## Required work
Look through the records below for the line with "Damselflies of Minnesota, Wisconsin". Return that line and each one after it up to and including the line with "Tirik tabiat obyektlarining", exactly.

## The data
+ + + + + + +
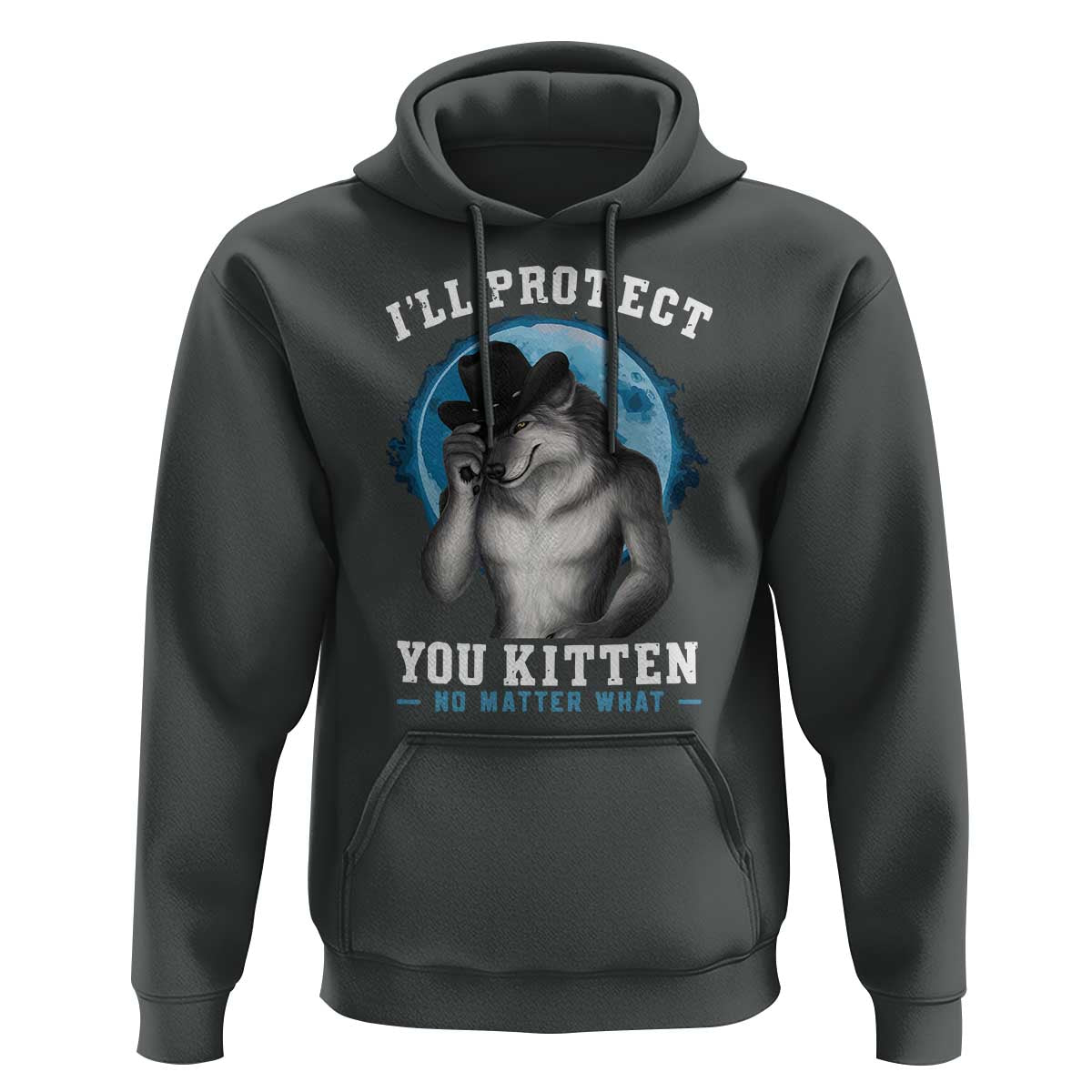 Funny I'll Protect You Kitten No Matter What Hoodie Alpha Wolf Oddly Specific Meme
+ + + + + + +
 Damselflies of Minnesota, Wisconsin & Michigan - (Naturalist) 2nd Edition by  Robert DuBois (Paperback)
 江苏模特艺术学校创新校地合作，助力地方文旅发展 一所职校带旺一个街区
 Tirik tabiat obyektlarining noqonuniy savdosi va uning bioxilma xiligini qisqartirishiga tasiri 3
+ + + + + + +
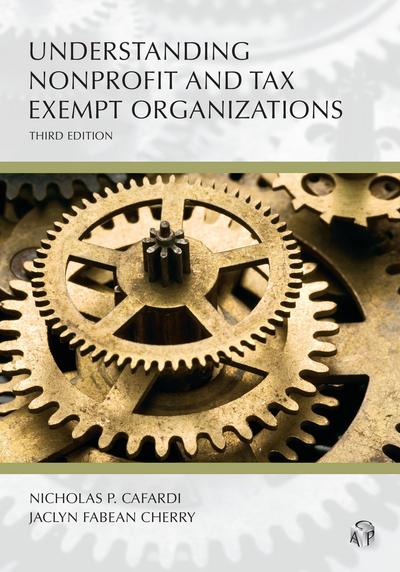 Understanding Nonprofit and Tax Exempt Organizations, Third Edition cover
+ + + + + + +
## Written solution
 Damselflies of Minnesota, Wisconsin & Michigan - (Naturalist) 2nd Edition by  Robert DuBois (Paperback)
 江苏模特艺术学校创新校地合作，助力地方文旅发展 一所职校带旺一个街区
 Tirik tabiat obyektlarining noqonuniy savdosi va uning bioxilma xiligini qisqartirishiga tasiri 3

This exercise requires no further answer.